■ **TASK GOAL**:
Copy out the listing below exactly, please, and skip any pictures.

■ **DATASET EXCERPT**:
----------

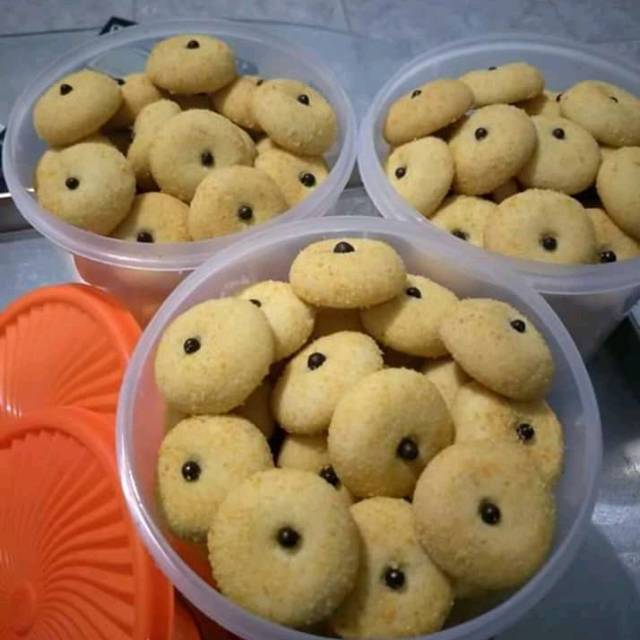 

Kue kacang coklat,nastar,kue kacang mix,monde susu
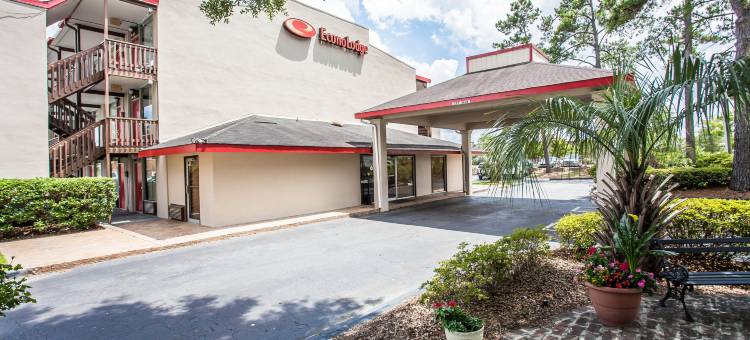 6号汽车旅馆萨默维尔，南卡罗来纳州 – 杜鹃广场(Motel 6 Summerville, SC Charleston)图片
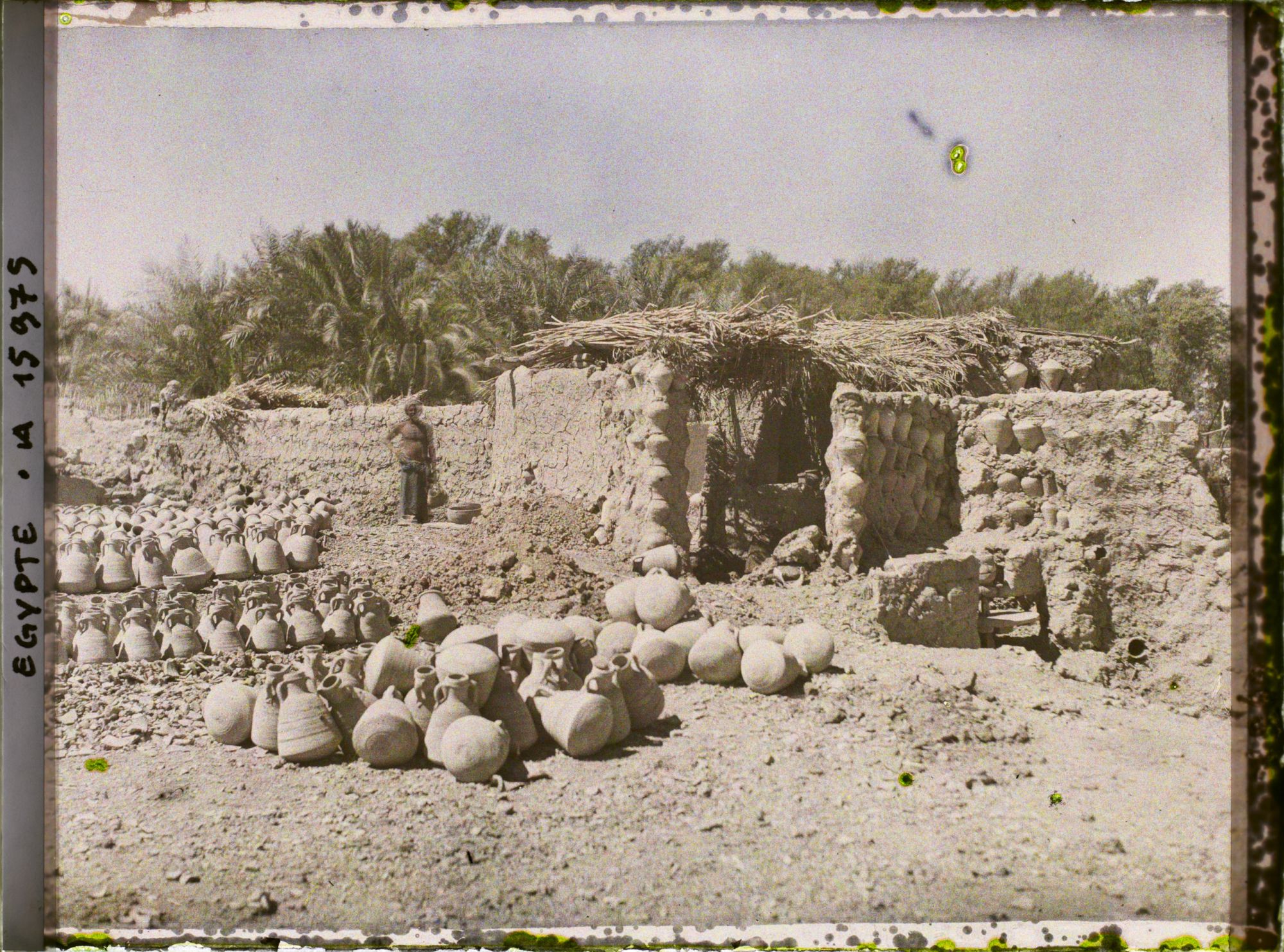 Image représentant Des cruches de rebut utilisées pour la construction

----------

■ **EXERCISE SOLUTION**:
Kue kacang coklat,nastar,kue kacang mix,monde susu
 6号汽车旅馆萨默维尔，南卡罗来纳州 – 杜鹃广场(Motel 6 Summerville, SC Charleston)图片
 Image représentant Des cruches de rebut utilisées pour la construction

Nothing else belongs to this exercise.